RDNA2 Navi 23 GPU to Take The Competition to NVIDIA in the High-End Next Year
Based on everything we’ve been hearing so far Navi 23 is going to be a large GPU that competes in the high-end segment in 2020. It is expected to bring full hardware accelerated ray tracing as well as a plethora of new architectural improvements.
Which thanks to some recently published patents we know could include:
– Variable rate shading
– More efficient mixed precision compute
– Smarter & faster caches
– Persistent computing & higher instructions per clock
– More advanced voltage regulation for higher clock speeds among a host of other improvements
AMD’s CEO Lisa Su confirmed at the company’s latest earnings call that the focus with its next generation products next year will be the architecture and not the process node. 5nm is years away from being ready for prime time and 7nm is here to stay for quite a while. AMD is already past the most difficult part of a process transition, that is bringing the first set of products on a new node to market successfully, which the company did with the Ryzen 3000 series and Navi this year.

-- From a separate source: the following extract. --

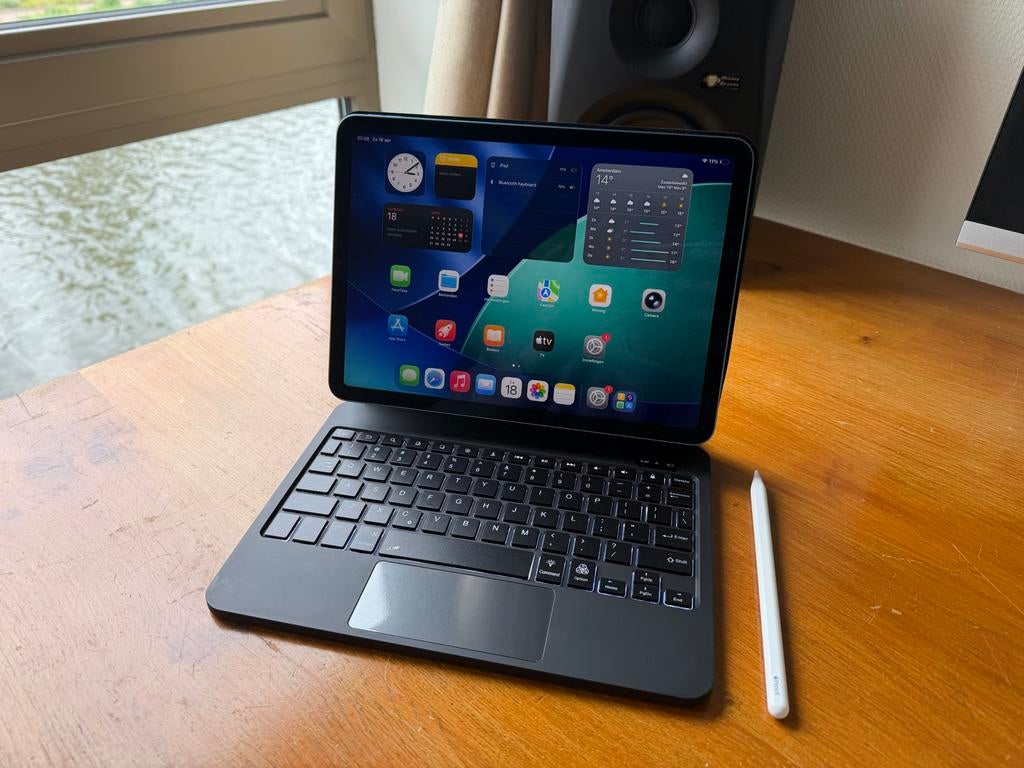 iPad Air 5 M1 + Keyboard + Apple Pencil + Garantie, Apple iPad Air, 11 inch, Ophalen of Verzenden, Zo goed als nieuw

Engineers can now focus on making bigger architectural changes and that’s what we expect to see next year on both the CPU & GPU fronts. Although this means that AMD will not have the same process lead it enjoyed over both Intel & NVIDIA this year. But luckily for the company Navi 10 is a relatively small GPU and there’s room to create a much bigger and more powerful GPU still on 7nm technology.
The trick is going to be in managing power to extract as much performance as possible from a defined 250W budget. Navi 10 is already a thirsty GPU for its relatively small size — It’s 251mm² large (RX 5700 XT) and pulls as much power as the 545m² large TU104 (RTX 2080) — and the real challenge for the red team is going to be in bringing their architectural power efficiency much closer to parity with NVIDIA to have any real chance at competing not just in the high-end but against NVIDIA’s new 7nm Ampere graphics card lineup next year.
One thing is for sure, 2020 is going to be an exciting one and we can’t wait to see how both the CPU & GPU markets shake up.